### What you need to do
The entire listing, reproduced exactly and stripped of images, is the expected output.

Record excerpts Block Start

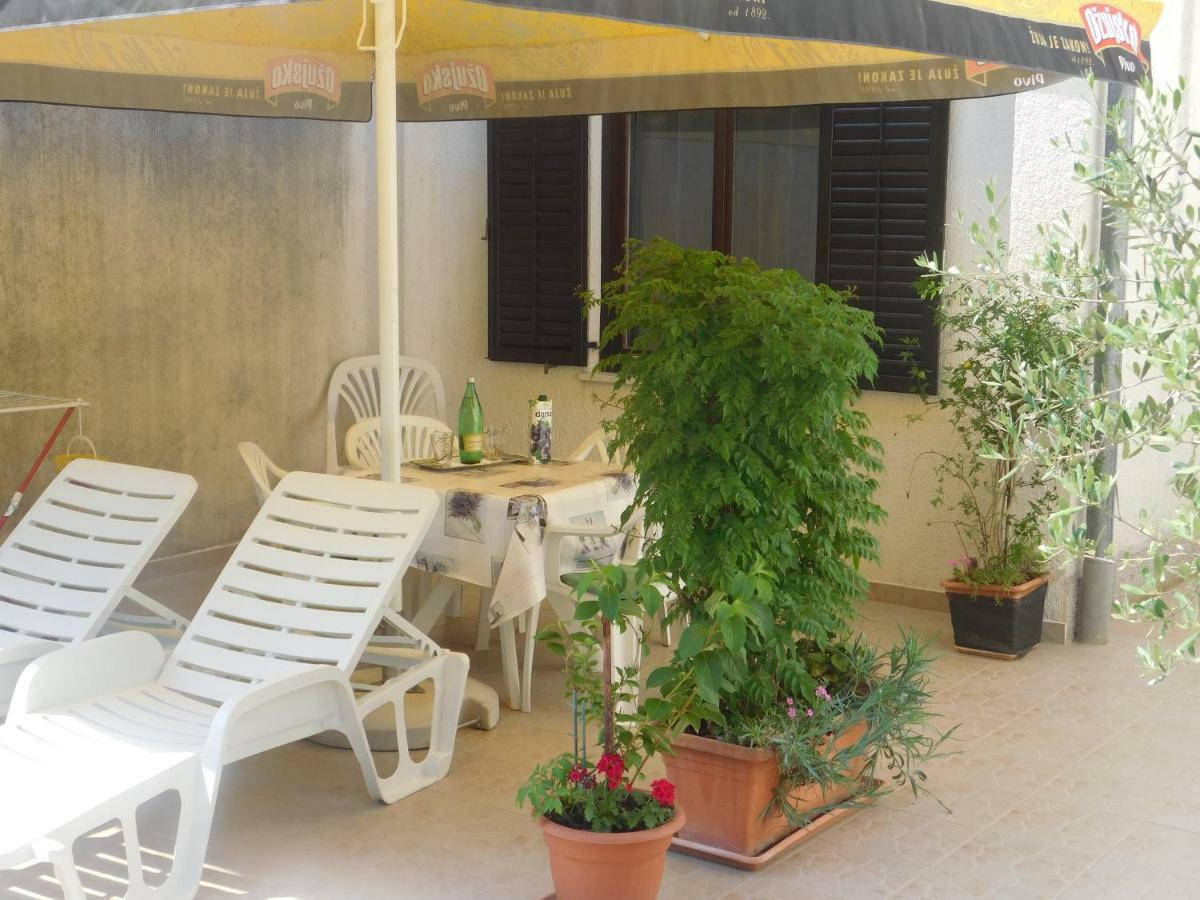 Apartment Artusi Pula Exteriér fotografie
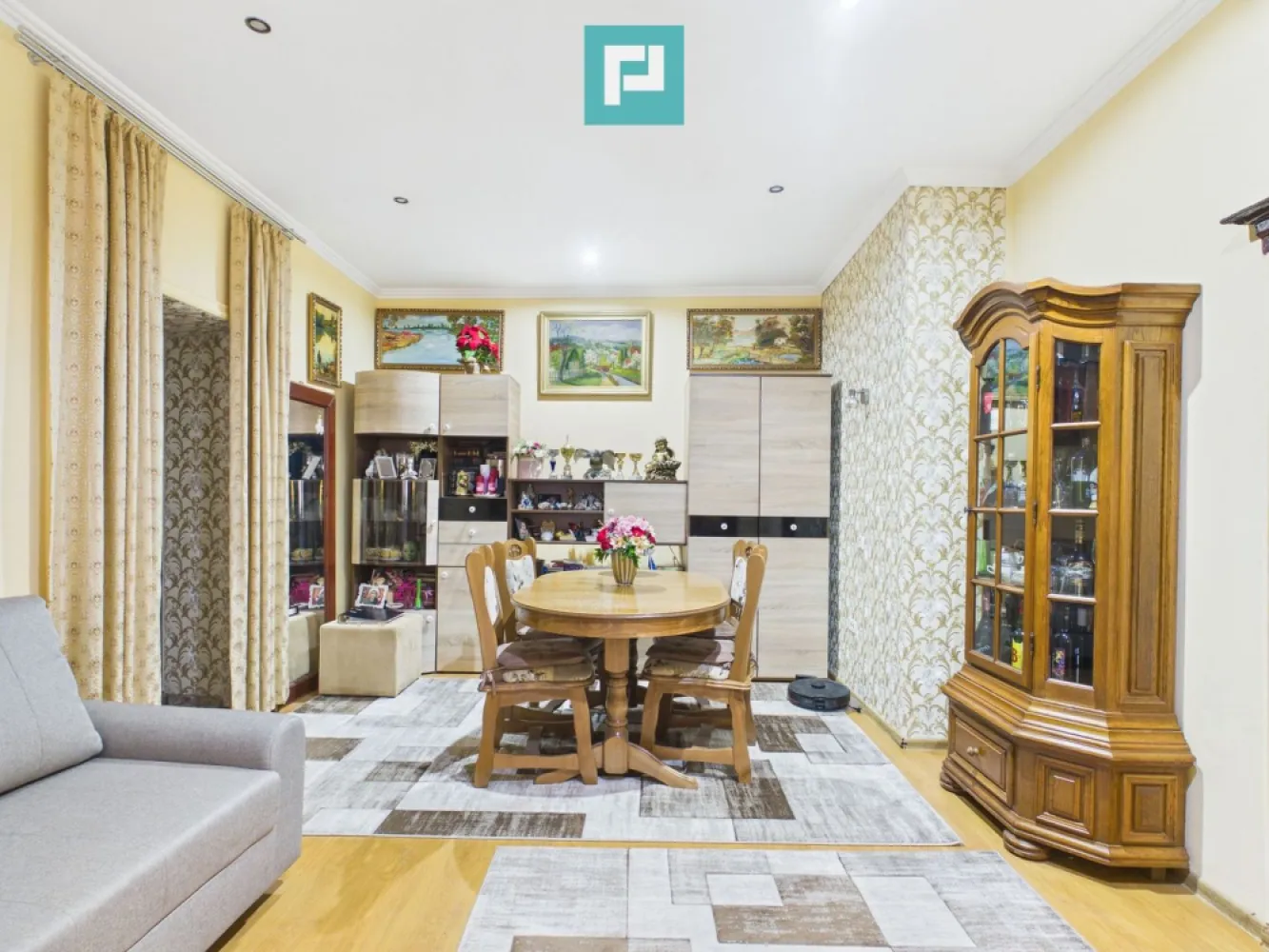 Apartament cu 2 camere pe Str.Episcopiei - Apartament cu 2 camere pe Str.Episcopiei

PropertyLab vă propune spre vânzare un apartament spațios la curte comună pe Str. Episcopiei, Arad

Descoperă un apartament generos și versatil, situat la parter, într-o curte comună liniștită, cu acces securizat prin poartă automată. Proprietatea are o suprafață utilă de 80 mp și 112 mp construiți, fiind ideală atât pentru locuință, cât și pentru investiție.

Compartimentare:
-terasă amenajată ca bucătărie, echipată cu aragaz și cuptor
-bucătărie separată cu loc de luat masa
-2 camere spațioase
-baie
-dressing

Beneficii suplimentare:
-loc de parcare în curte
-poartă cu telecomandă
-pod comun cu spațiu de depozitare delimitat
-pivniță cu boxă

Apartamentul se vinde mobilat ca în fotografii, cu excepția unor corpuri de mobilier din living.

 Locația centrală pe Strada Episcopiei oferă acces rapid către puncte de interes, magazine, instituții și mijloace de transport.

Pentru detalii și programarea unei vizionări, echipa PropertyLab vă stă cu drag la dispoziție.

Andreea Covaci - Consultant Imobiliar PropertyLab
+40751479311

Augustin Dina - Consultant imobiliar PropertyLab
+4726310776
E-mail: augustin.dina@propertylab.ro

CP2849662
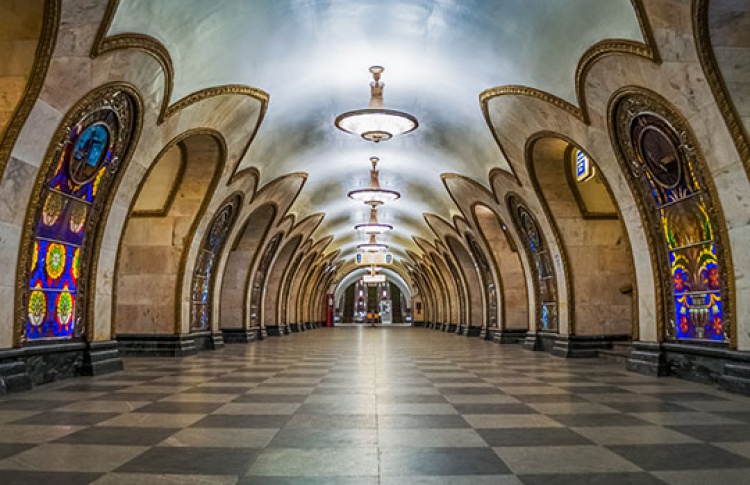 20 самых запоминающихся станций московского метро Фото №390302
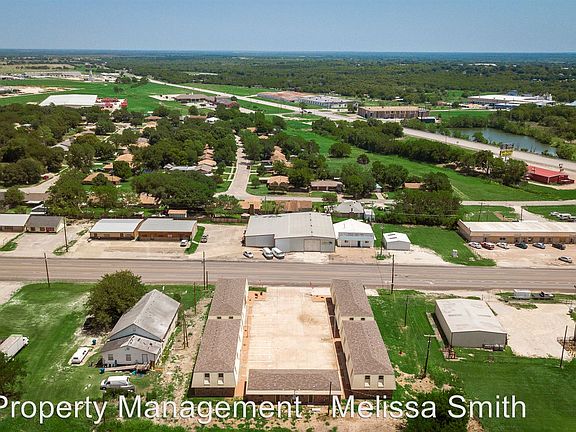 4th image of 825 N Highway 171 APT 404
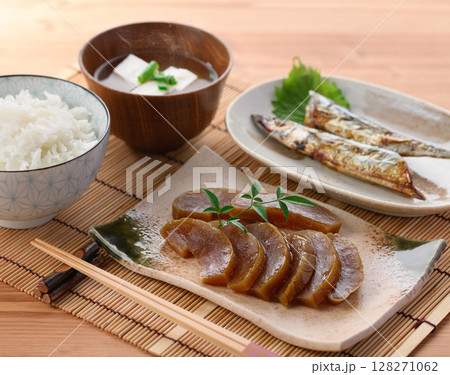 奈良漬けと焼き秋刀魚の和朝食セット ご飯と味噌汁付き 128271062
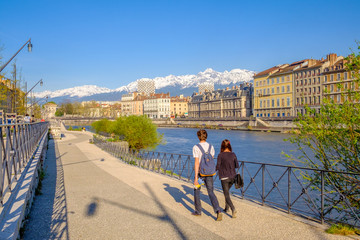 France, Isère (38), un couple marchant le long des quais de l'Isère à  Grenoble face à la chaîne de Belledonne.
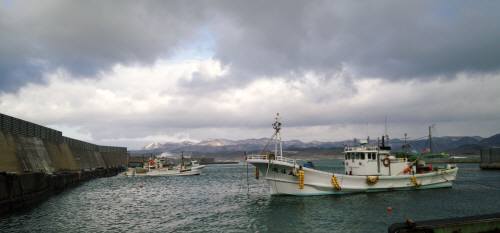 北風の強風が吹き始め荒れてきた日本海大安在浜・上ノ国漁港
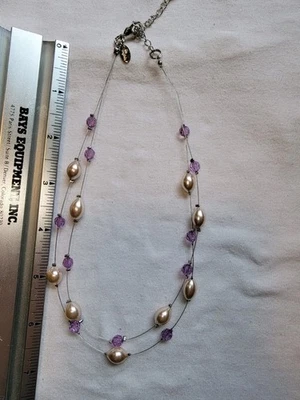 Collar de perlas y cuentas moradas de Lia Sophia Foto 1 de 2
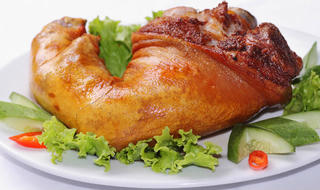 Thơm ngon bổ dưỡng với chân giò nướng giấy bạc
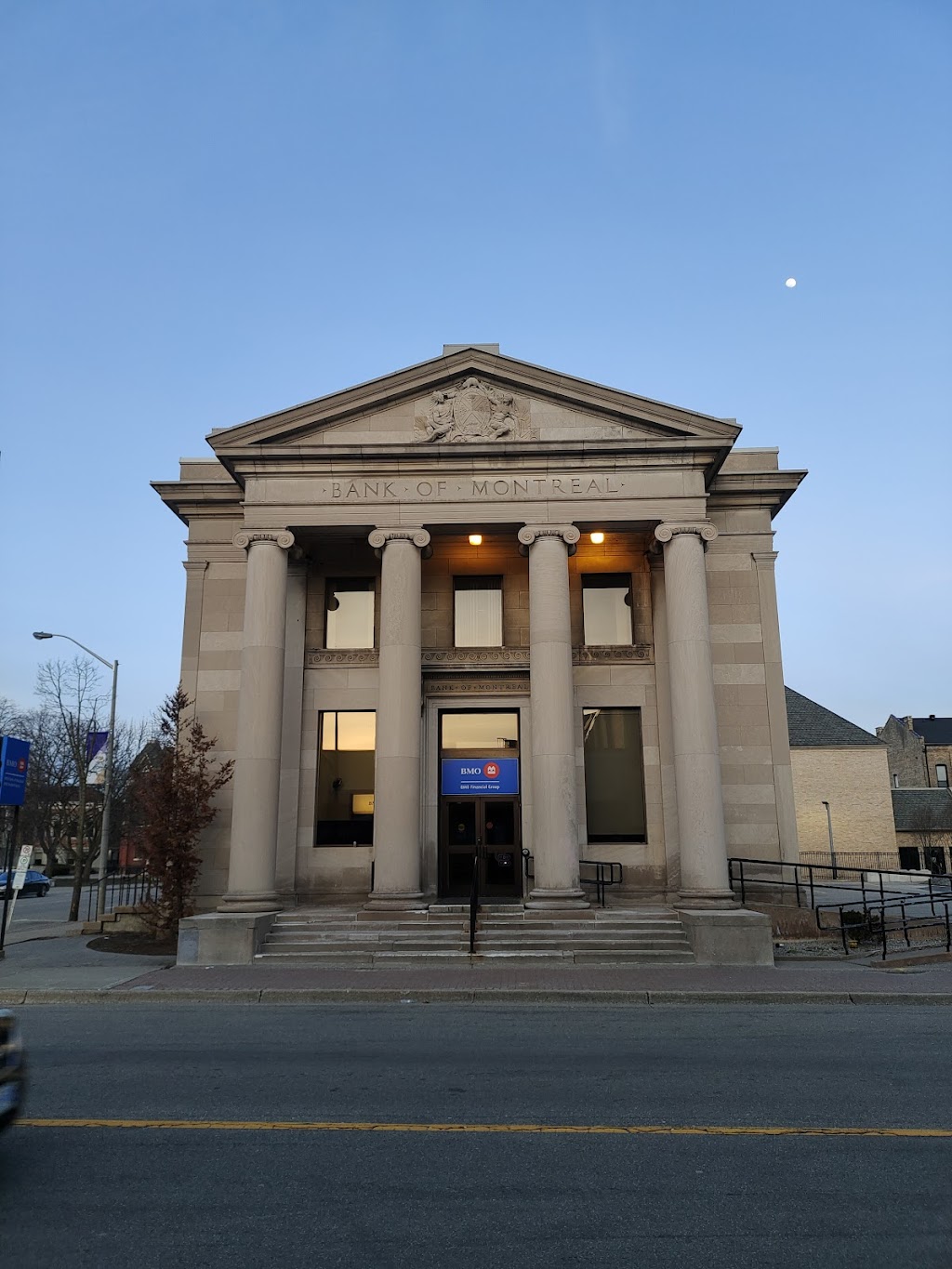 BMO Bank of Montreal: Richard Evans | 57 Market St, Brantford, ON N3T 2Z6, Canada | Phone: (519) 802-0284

Record excerpts Block End

### Result
 Apartment Artusi Pula Exteriér fotografie
 Apartament cu 2 camere pe Str.Episcopiei - Apartament cu 2 camere pe Str.Episcopiei

PropertyLab vă propune spre vânzare un apartament spațios la curte comună pe Str. Episcopiei, Arad

Descoperă un apartament generos și versatil, situat la parter, într-o curte comună liniștită, cu acces securizat prin poartă automată. Proprietatea are o suprafață utilă de 80 mp și 112 mp construiți, fiind ideală atât pentru locuință, cât și pentru investiție.

Compartimentare:
-terasă amenajată ca bucătărie, echipată cu aragaz și cuptor
-bucătărie separată cu loc de luat masa
-2 camere spațioase
-baie
-dressing

Beneficii suplimentare:
-loc de parcare în curte
-poartă cu telecomandă
-pod comun cu spațiu de depozitare delimitat
-pivniță cu boxă

Apartamentul se vinde mobilat ca în fotografii, cu excepția unor corpuri de mobilier din living.

 Locația centrală pe Strada Episcopiei oferă acces rapid către puncte de interes, magazine, instituții și mijloace de transport.

Pentru detalii și programarea unei vizionări, echipa PropertyLab vă stă cu drag la dispoziție.

Andreea Covaci - Consultant Imobiliar PropertyLab
+40751479311

Augustin Dina - Consultant imobiliar PropertyLab
+4726310776
E-mail: augustin.dina@propertylab.ro

CP2849662
 20 самых запоминающихся станций московского метро Фото №390302
 4th image of 825 N Highway 171 APT 404
 奈良漬けと焼き秋刀魚の和朝食セット ご飯と味噌汁付き 128271062
 France, Isère (38), un couple marchant le long des quais de l'Isère à  Grenoble face à la chaîne de Belledonne.
 北風の強風が吹き始め荒れてきた日本海大安在浜・上ノ国漁港
 Collar de perlas y cuentas moradas de Lia Sophia Foto 1 de 2
 Thơm ngon bổ dưỡng với chân giò nướng giấy bạc
 BMO Bank of Montreal: Richard Evans | 57 Market St, Brantford, ON N3T 2Z6, Canada | Phone: (519) 802-0284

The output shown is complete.